> **EXERCISE**
In the records below, find the line holding "BBQ���ոɰ��������"; copy it and every line after it to the end, omitting all images.

++++ RECORDED DATA ++++

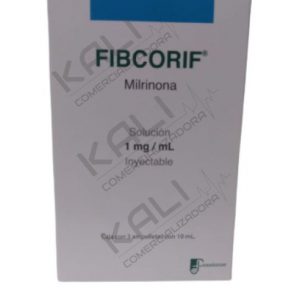 Fibcorif
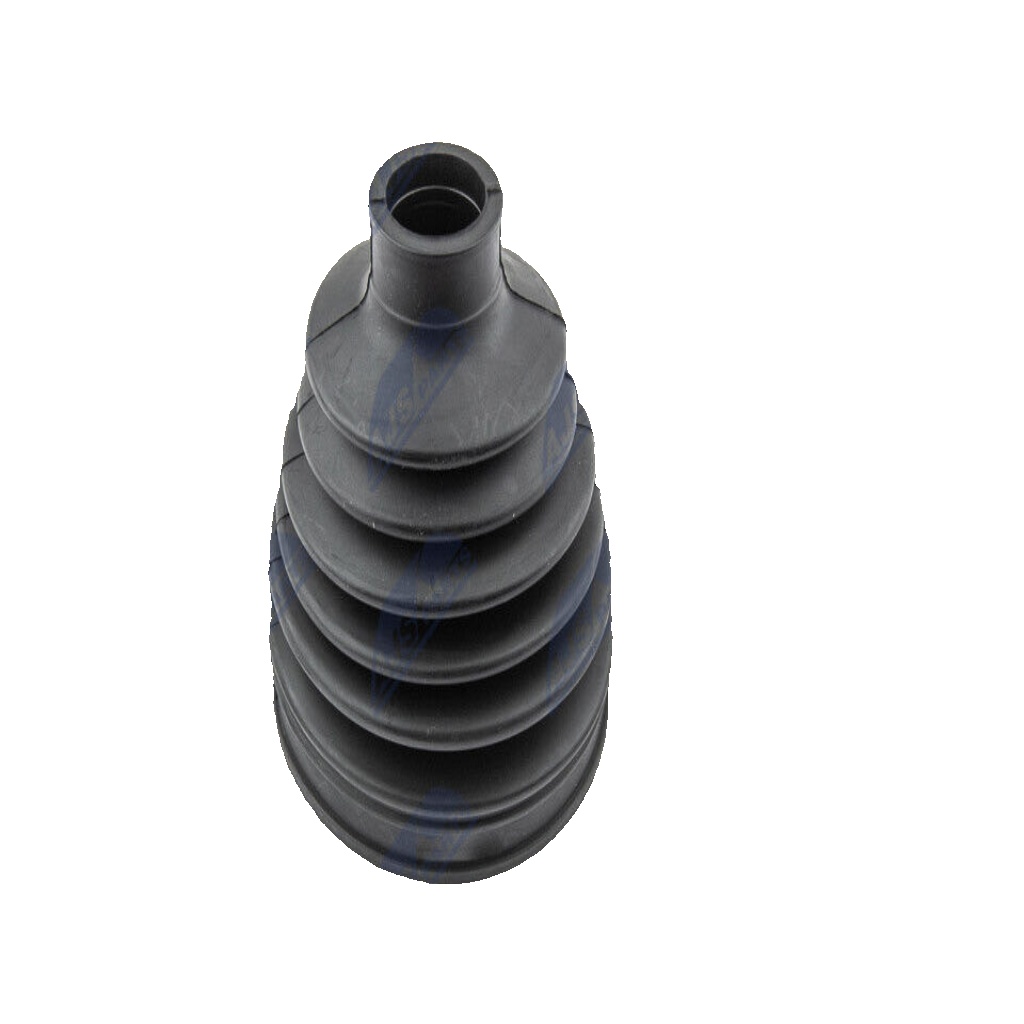 NTY NOP-026 Bellow Set, drive shaft for CHRYSLER,DODGE,FIAT,FORD,OPEL,PROTON,SUB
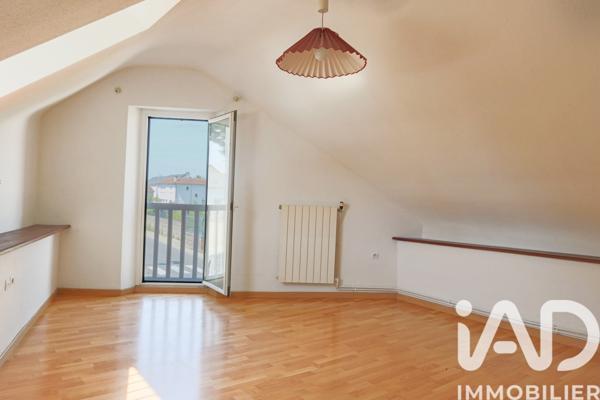 Maison à vendre 9 pièces 230 m² Bazet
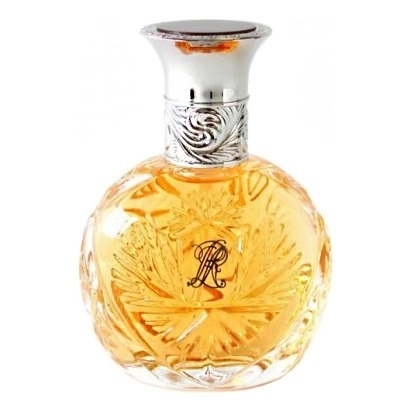 Фото Ralph Lauren Safari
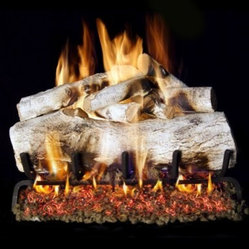 fire burn stack fit купить в витебске fire burn stack fit купить в витебске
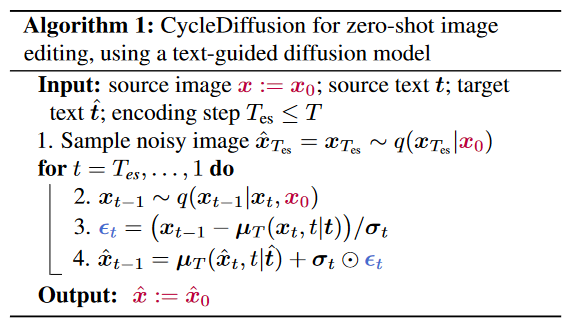 DDPM_latent_3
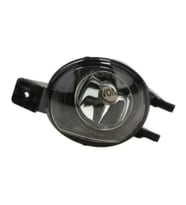 Toyota Yaris 2003-2005 Sol Sis Far 81221-0D020
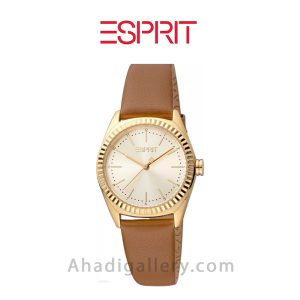 ساعت مچی اسپریت مدل es1l291l0045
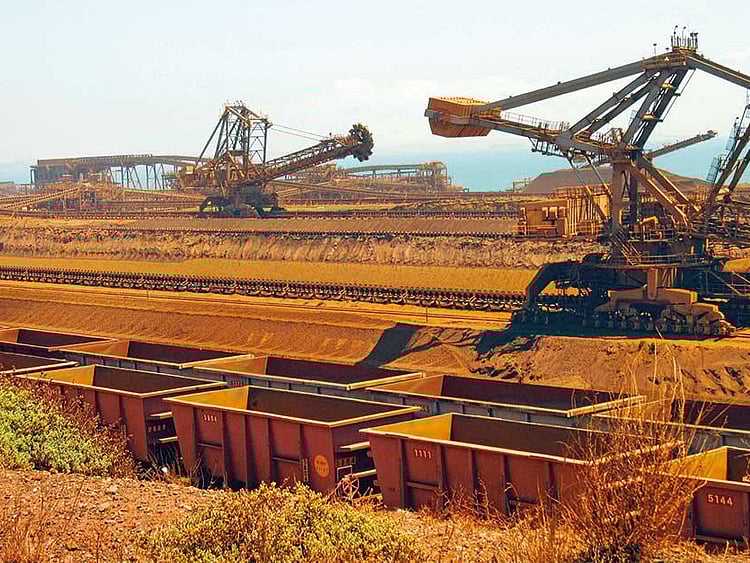 1.1991607-3535338642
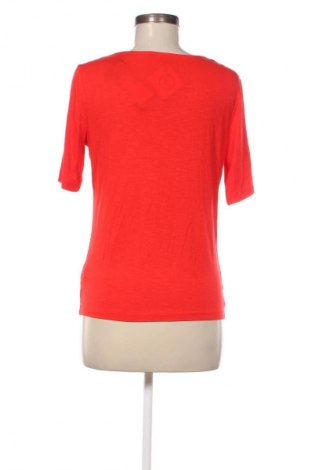 Damen Shirt Zero, Größe S, Farbe Rot, Preis 6,49 €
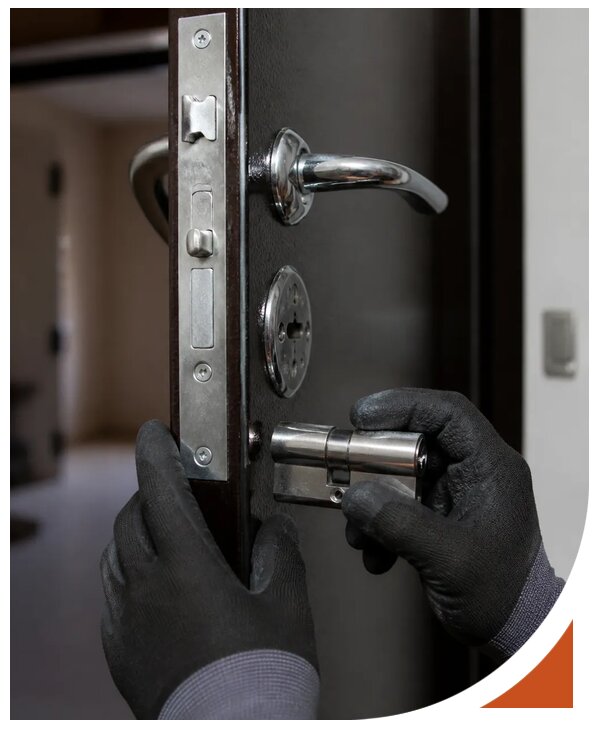 Замена замков Abloy срочно с гарантией и выездом в Елабуге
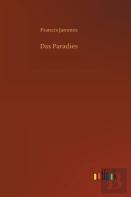 Das Paradies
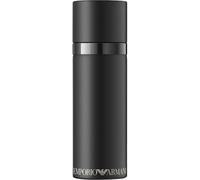 Armani Mens-fragrances Emporio-ArmaniEmporio HeEau de Toilette Spray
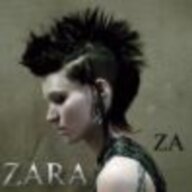 ZARA_za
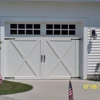 M & R Garage Door & Openers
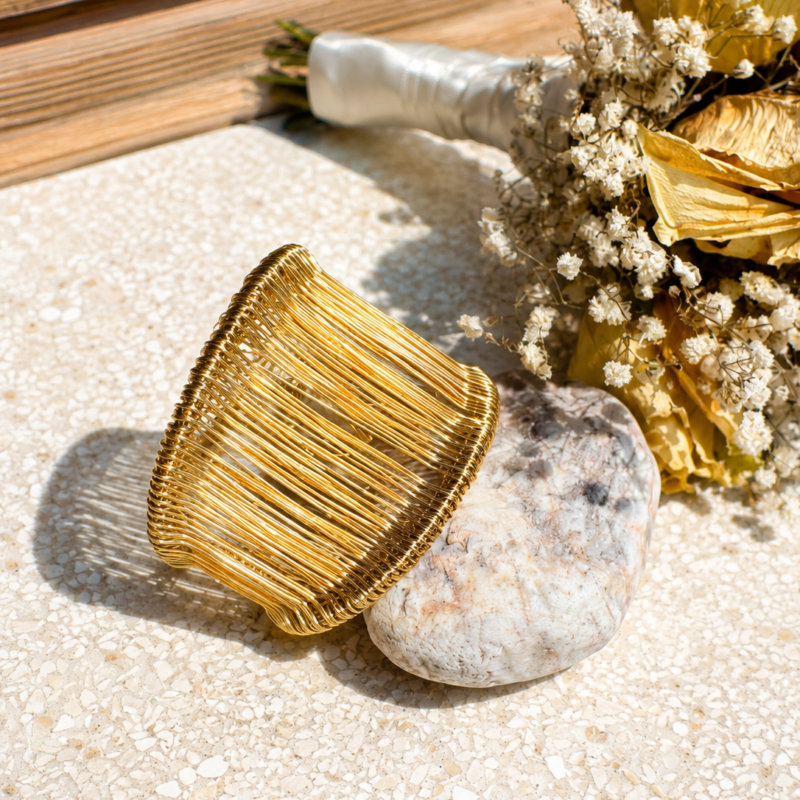 Bracciale Solea
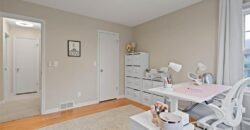 48 Myers Drive, Platte City, MO 64079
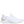 Load image into Gallery viewer, Womens Skechers Martha Stewart Slip Ins Brilliant Diamond
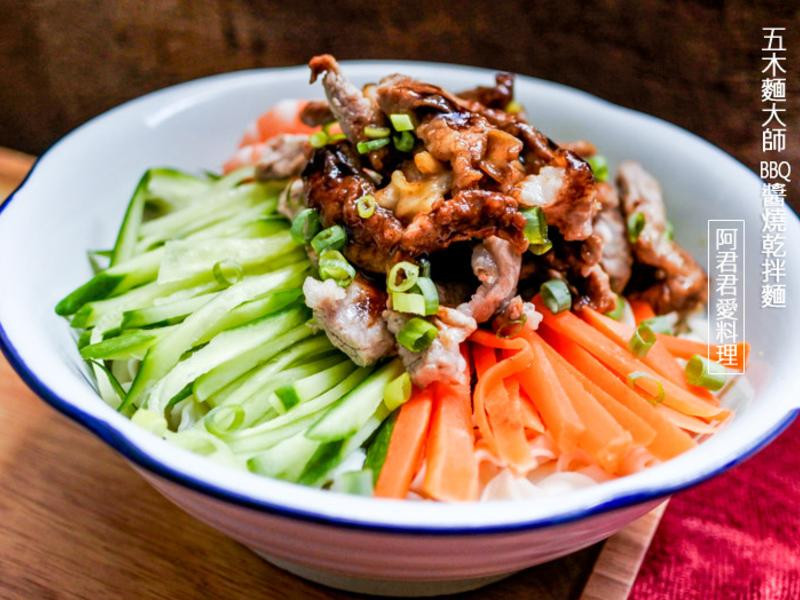 BBQ���ոɰ��������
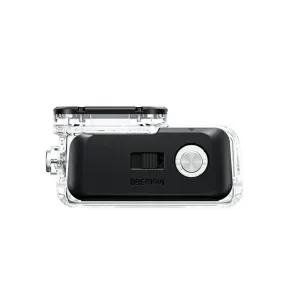 Insta360 Ace Pro - Dive Case INST120-14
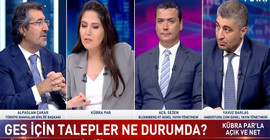 Bankalar Birliği Başkanı Çakar ağzından kaçırdı: Merkez Bankası bizim müşterimiz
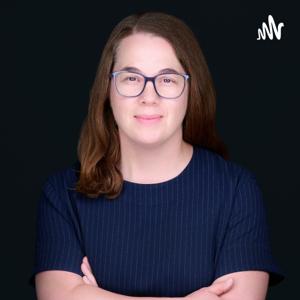 Think Like a Brand, Not a Bank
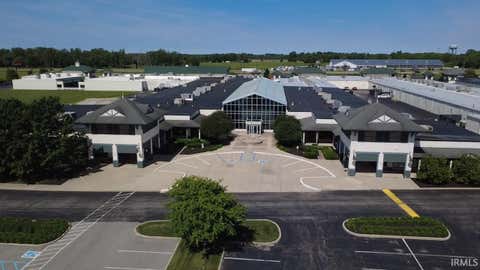 Photo for 9401 Innovation Drive Suite 400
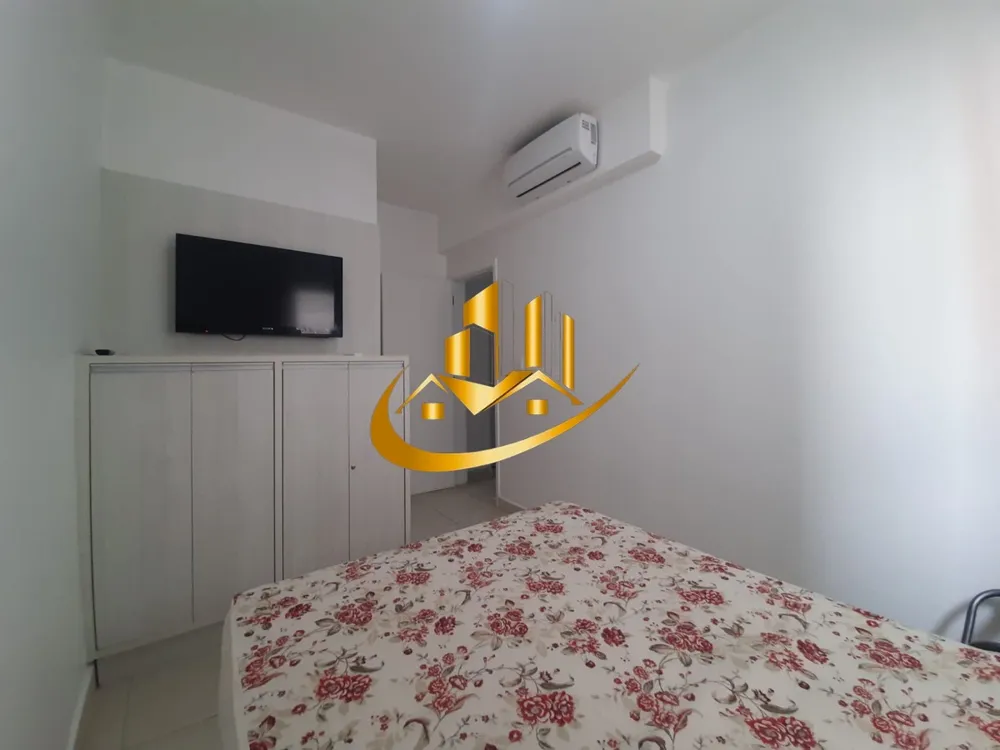 Apartamento, 2 quartos, 62 m² - Foto 2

++++

> **RESULT BELOW**
 BBQ���ոɰ��������
 Insta360 Ace Pro - Dive Case INST120-14
 Bankalar Birliği Başkanı Çakar ağzından kaçırdı: Merkez Bankası bizim müşterimiz
 Think Like a Brand, Not a Bank
 Photo for 9401 Innovation Drive Suite 400
 Apartamento, 2 quartos, 62 m² - Foto 2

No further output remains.